For Hmong elders, those sacrifices included fleeing from Laos with their families during that country’s civil war. Vang’s father, a military leader, helped his troops come to the U.S. from refugee camps in Thailand and start new lives. Vang and his family came with them. 

“One thing to know about Hmong people is that they’re always moving,” he said. “We’re always going in different areas, because that’s how, culturally, we were and that’s also how our food is — our food is always transitioning.” 

And yet, it wasn’t until eight years ago, while he was a student at the University of Wisconsin-La Crosse, that he discovered his passion for cooking. He realized how much it meant to him and his family; he compares it to being in a relationship. 

“Cooking is like that ex-girlfriend that you keep breaking up with, but you somehow end up back together,” he said. 

Vang said the food he created was often inspired by other cultures’ ingredients or dishes. He called this “forging, not fusion.” 

For example, Vang serves a Bahn Mi hot dog that combines an American favorite with Southeast Asian ingredients and presentation. He uses a local meat provider, Andy Peterson, of Peterson Craftsman Meats. 

“We just take their hot dogs, and then we just did the elements that we love … like all the pickled veggies, the jalapeños,” he said. “Again, we always want to tell the story, so it’s just like the story of (Hmong people) being influenced by this American culture.” 

Another dish, Hmong BBQ Pork, features tender pieces of pork, pickled red onions, spicy Tiger Bite sauce and General Vang Pao sauce, a play on the popular Chinese American dish General Tso’s chicken. The sauce was named after the infamous military leader who rallied Hmong soldiers during the Laotian Civil War. Vang also serves kimchi fried rice – fried rice with a Korean twist.  

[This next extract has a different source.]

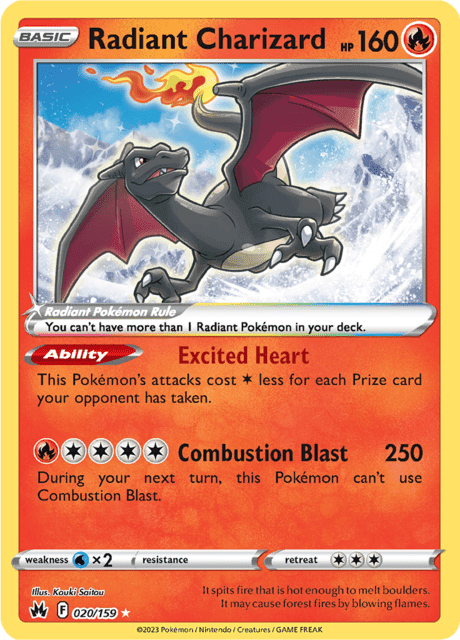 Charizard Lucente 020/159 – Zenit Regale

Vang started his business with just $350 in the bank. While his family was also supportive, Vang recalled how his friend Josef Harris was the one who gave him the “kick in the butt” not to compromise his food or “dumb down his flavors.” 

“He kind of helped me maneuver through (the process),” he said. 

In the future, Vang plans to build a brick-and-mortar restaurant and to keep working hard.  

“It started from the idea of saying that food is the ultimate equalizer. It makes us all the same,” he said. “It doesn’t matter how rich or how poor you are, what political party you are a part of, at the end of the day, we as humans, as people, need to eat. And when it comes to food, we are equal.”